Der Ent- und Bewässerungsverband der Marsch- und Vierlande hat die Gräben, die die Umweltbehörde in Neuengamme ausbaggern lässt, genau im Blick. Denn die neue Entwässerung interessiert die Fachleute, die für das weitläufige Grabensystem im Landgebiet verantwortlich sind. Schließlich muss die Entwässerung weiter einwandfrei funktionieren, zumal die Stadt auf 26 Hektar westlich vom Neuengammer Durchstich und nördlich des Reitbrooker Sammelgrabens einen Ausgleich für den Bau der Autobahn 26 Ost schafft und dort den Wasserstand erhöht (wir berichteten).

Nur einer der Gräben auf der Ausgleichsfläche ist ein Sielgraben. Für ihn ist der Verband verantwortlich, berichtet Verbandstechniker Torsten Riecken (47). „Er wird vom Ent- und Bewässerungssystem abgekoppelt, die Durchlässe verfüllt.“ Die Ent- und Bewässerung übernehmen künftig Gräben, die sich direkt neben der Ausgleichsfläche befinden. Sie werden derzeit ebenfalls ausgebaggert und gereinigt.

Fachleute befürchten eine Vernässung der Umgebung

Für diese technische Maßnahme der Ent- und Bewässerung durch andere Gräben, hatte der Verbandsausschuss 2019 seine Zustimmung erteilt. Ansonsten stehe das Gremium der Maßnahme skeptisch gegenüber, weiß Verbandsobmann Georg Odemann (73). Die Fachleute befürchteten Vernässungen der Umgebung und dadurch eine starke Einschränkung ihrer landschaftlichen Nutzung. „Dies ist aber die persönliche Meinung der Verbandsmitglieder“, betont Odemann.

„Aus unserer Sicht kann die Umweltbehörde auf ihrer Fläche frei agieren, solange kein Zweiter von den hohen Wasserständen dort betroffen ist“, sagt Riecken. „Schließlich werden die benachbarten Flächen landwirtschaftlich genutzt. Werden sie zu nass, ist Beweidung nur eingeschränkt möglich, kann etwa kein Heu mehr produziert werden“, ergänzt Odemann.

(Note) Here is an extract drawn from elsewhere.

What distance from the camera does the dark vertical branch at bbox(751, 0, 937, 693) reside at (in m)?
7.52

Werden Beetgräben nicht gepflegt, ist das das Problem des Pächters

Der Verband blickt auch auf die Wohnbebauung: „Keiner will einen nassen Keller haben“, sagt Riecken. Deshalb werde er die neuen Ent- und Bewässerungsgräben genau im Blick haben, „um zu sehen, ob alles

Durch ein Rohr wird das Wasser aus einem der neuen Sielgräben in das Grabensystem zur Ent- und Bewässerung geleitet.  
Durch ein Rohr wird das Wasser aus einem der neuen Sielgräben in das Grabensystem zur Ent- und Bewässerung geleitet.   © Thomas Heyen | Thomas Heyen

so umgesetzt wird, wie es geplant ist“. Schließlich habe der Verband auch den bisherigen Ent- und Bewässerungsgraben auf der Ausgleichsfläche kontrolliert und gegebenenfalls für dessen Reinigung gesorgt. „Das hat auch funktioniert, denn sonst hätten die Anwohner am Neuengammer Hausdeich nasse Füße bekommen“, sagt Riecken. „Die neben dem Sielgraben liegenden Beetgräben befinden sich nicht in unserer Zuständigkeit, weil sie für das Grabensystem nicht relevant sind. Werden sie nicht gepflegt, ist das ausschließlich das Problem des Pächters der Fläche.“

In Neuengamme und Kirchwerder kaufte die Stadt vor allem im Laufe der vergangenen zehn Jahre zahlreiche Flächen für die Umsetzung von Ausgleichsmaßnahmen. Für den Bau der A 26 Ost sind 80 Hektar Ausgleichsfläche vorgesehen, davon 31 Hektar in Kirchwerder und 26 Hektar in Neuengamme. Die Gräben werden laut Odemann durch die Reinigung „stark vergrößert“. Mit einer flachen Böschung werden Flachwasserzonen erzeugt, die – bei konstant höherem Wasserstand – Insekten, Vögeln und Amphibien sowie Pflanzen ein Refugium bieten sollen.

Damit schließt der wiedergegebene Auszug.